Apache Hive : LanguageManual Explain
EXPLAIN Syntax
Hive provides an EXPLAIN
command that shows the execution plan for a query. The syntax for this statement is as follows:
EXPLAIN [EXTENDED|CBO|AST|DEPENDENCY|AUTHORIZATION|LOCKS|VECTORIZATION|ANALYZE] query
AUTHORIZATION
is supported from HIVE 0.14.0 via HIVE-5961. VECTORIZATION
is supported from Hive 2.3.0 via HIVE-11394. LOCKS
is supported from Hive 3.2.0 via HIVE-17683.
AST was removed from EXPLAIN EXTENDED in HIVE-13533 and reinstated as a separate command in HIVE-15932.
The use of EXTENDED
in the EXPLAIN
statement produces extra information about the operators in the plan. This is typically physical information like file names.

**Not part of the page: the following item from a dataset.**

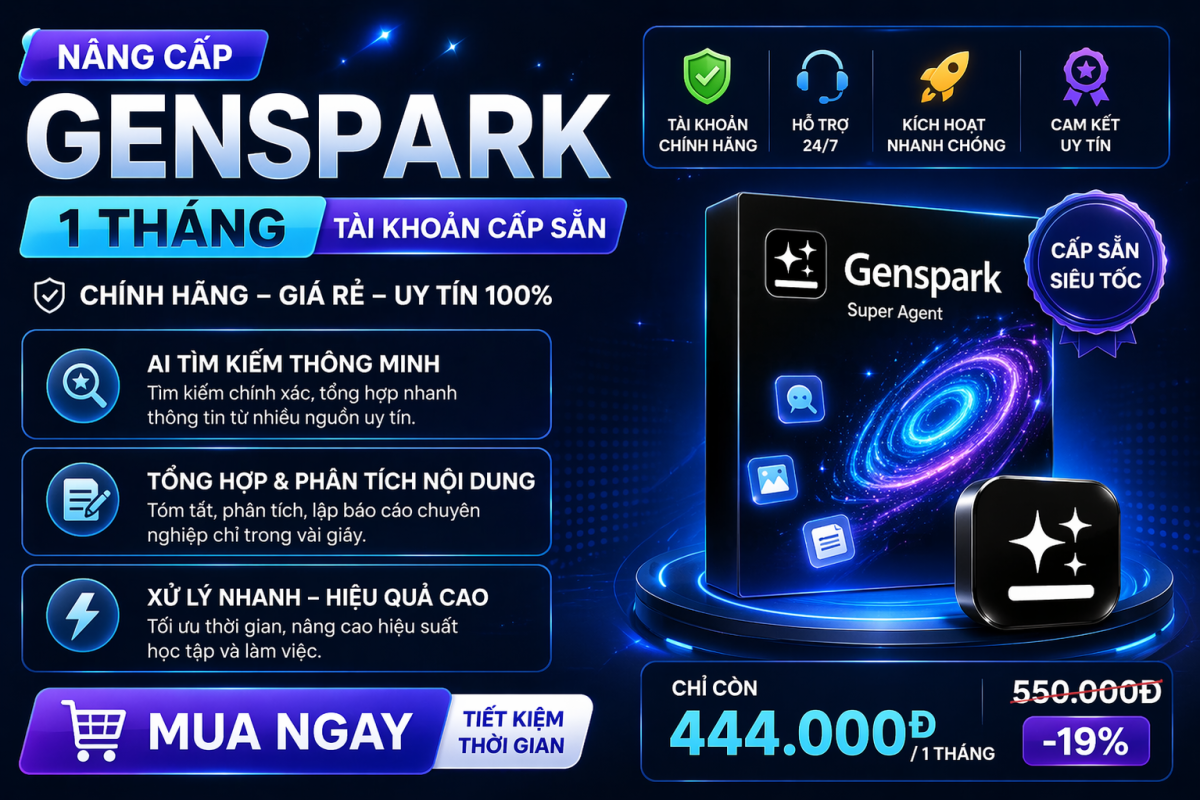 Genspark 1 Tháng – Công Cụ AI Đáng Thử Cho Người Muốn Tìm Nhanh, Làm Gọn, Xử Lý Việc Thông Minh Hơn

A Hive query gets converted into a sequence (it is more a Directed Acyclic Graph) of stages. These stages may be map/reduce stages or they may even be stages that do metastore or file system operations like move and rename. The explain output has three parts:
- The Abstract Syntax Tree for the query
- The dependencies between the different stages of the plan
- The description of each of the stages
The description of the stages itself shows a sequence of operators with the metadata associated with the operators. The metadata may comprise things like filter expressions for the FilterOperator or the select expressions for the SelectOperator or the output file names for the FileSinkOperator.
Example
As an example, consider the following EXPLAIN
query:
EXPLAIN
FROM src INSERT OVERWRITE TABLE dest\_g1 SELECT src.key, sum(substr(src.value,4)) GROUP BY src.key;
The output of this statement contains the following parts:
- The Dependency Graph
STAGE DEPENDENCIES:
Stage-1 is a root stage
Stage-2 depends on stages: Stage-1
Stage-0 depends on stages: Stage-2
This shows that Stage-1 is the root stage, Stage-2 is executed after Stage-1 is done and Stage-0 is executed after Stage-2 is done.
- The plans of each Stage
STAGE PLANS:
Stage: Stage-1
Map Reduce
Alias -> Map Operator Tree:
src
Reduce Output Operator
key expressions:
expr: key
type: string
sort order: +
Map-reduce partition columns:
expr: rand()
type: double
tag: -1
value expressions:
expr: substr(value, 4)
type: string
Reduce Operator Tree:
Group By Operator
aggregations:
expr: sum(UDFToDouble(VALUE.0))
keys:
expr: KEY.0
type: string
mode: partial1
File Output Operator
compressed: false
table:
input format: org.apache.hadoop.mapred.SequenceFileInputFormat
output format: org.apache.hadoop.mapred.SequenceFileOutputFormat
name: binary\_table
Stage: Stage-2
Map Reduce
Alias -> Map Operator Tree:
/tmp/hive-zshao/67494501/106593589.10001
Reduce Output Operator
key expressions:
expr: 0
type: string
sort order: +
Map-reduce partition columns:
expr: 0
type: string
tag: -1
value expressions:
expr: 1
type: double
Reduce Operator Tree:
Group By Operator
aggregations:
expr: sum(VALUE.0)
keys:
expr: KEY.0
type: string
mode: final
Select Operator
expressions:
expr: 0
type: string
expr: 1
type: double
Select Operator
expressions:
expr: UDFToInteger(0)
type: int
expr: 1
type: double
File Output Operator
compressed: false
table:
input format: org.apache.hadoop.mapred.TextInputFormat
output format: org.apache.hadoop.hive.ql.io.IgnoreKeyTextOutputFormat
serde: org.apache.hadoop.hive.serde2.dynamic\_type.DynamicSerDe
name: dest\_g1
Stage: Stage-0
Move Operator
tables:
replace: true
table:
input format: org.apache.hadoop.mapred.TextInputFormat
output format: org.apache.hadoop.hive.ql.io.IgnoreKeyTextOutputFormat
serde: org.apache.hadoop.hive.serde2.dynamic\_type.DynamicSerDe
name: dest\_g1
In this example there are 2 map/reduce stages (Stage-1 and Stage-2) and 1 File System related stage (Stage-0). Stage-0 basically moves the results from a temporary directory to the directory corresponding to the table dest_g1.
Sort order
indicates the number of columns in key expressions that are used for sorting. Each “+
” represents one column sorted in ascending order, and each “-
” represents a column sorted in descending order.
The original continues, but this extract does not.